セレナーデ 後日談(砂浜に並んで座るセレナーデとポコ)
目の前に広がる広大な海、いつだったかフガと行こうと約束していた場所。
「海でっかいね」
セレナーデが膝の上で眠るフガを撫でながらそう呟く。フガは魔法にかけられてからよく眠るようになった。
ポコはセレナーデの顔を見る。セレナーデは海ではしゃぐ錠前達を見て嬉しそうに目を細めている。
ポコは気づいていた。
フガが記憶を無くしたと分かった時誰にも見られないところで1人セレナーデが泣いていたこと。忘れようとして、それでもずっと誰にも言えずに苦しんでいたこと。

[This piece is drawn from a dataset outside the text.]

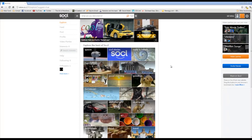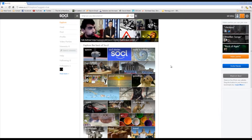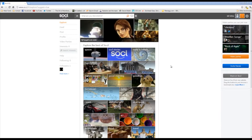Hey guys, Chris here with techrecipes.com showing you visually how to clear your history on the new social network SO.CL — or you can say 'social,' or however you think you're supposed to say it. I like SO.CL, considering that's a URL.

でもポコにはどうすればセレナーデが苦しまずに済むのか、分からなかった。
「ポコは、ポコもフガもセレナーデの事大好きポコ。ずっと守ってくれてありがとうポコ」
セレナーデはポコを見、フガを撫でていた手を止める
「私も2人のこと大好きだよ」
そういって笑顔を見せポコを撫でる。
その笑顔はポコの大好きな優しい笑顔だった。
みんなを安心させるための笑顔じゃない、異星に行く前の、明るくて天真爛漫なセレナーデの笑顔。
「私も遊んでくるからフガの事見ててあげて!」
そう言って錠前達の元に走っていく。
大丈夫、ポコもセレナーデも、もう1人で戦わなくていいんだ。
いつか、フガが全てを思い出すその時まで、この騒がしい仲間たちと頑張っていこう。